== Records from a collection ==
________________________
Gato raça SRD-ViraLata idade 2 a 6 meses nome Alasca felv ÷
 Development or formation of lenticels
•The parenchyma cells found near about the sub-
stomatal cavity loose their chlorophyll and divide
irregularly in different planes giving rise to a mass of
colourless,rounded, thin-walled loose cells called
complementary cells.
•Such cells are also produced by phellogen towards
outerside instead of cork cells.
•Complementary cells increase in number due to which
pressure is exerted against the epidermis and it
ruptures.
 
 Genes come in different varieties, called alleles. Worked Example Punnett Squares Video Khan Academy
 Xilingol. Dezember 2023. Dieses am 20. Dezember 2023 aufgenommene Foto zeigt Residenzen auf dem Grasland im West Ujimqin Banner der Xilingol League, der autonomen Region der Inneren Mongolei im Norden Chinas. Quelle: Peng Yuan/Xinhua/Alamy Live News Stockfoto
________________________
Reproduce exactly the lines from the one with "complementary cells." through the last line of the entries, keeping both of those lines and nothing else.

== Solution for this problem ==
complementary cells.
•Such cells are also produced by phellogen towards
outerside instead of cork cells.
•Complementary cells increase in number due to which
pressure is exerted against the epidermis and it
ruptures.
 
 Genes come in different varieties, called alleles. Worked Example Punnett Squares Video Khan Academy
 Xilingol. Dezember 2023. Dieses am 20. Dezember 2023 aufgenommene Foto zeigt Residenzen auf dem Grasland im West Ujimqin Banner der Xilingol League, der autonomen Region der Inneren Mongolei im Norden Chinas. Quelle: Peng Yuan/Xinhua/Alamy Live News Stockfoto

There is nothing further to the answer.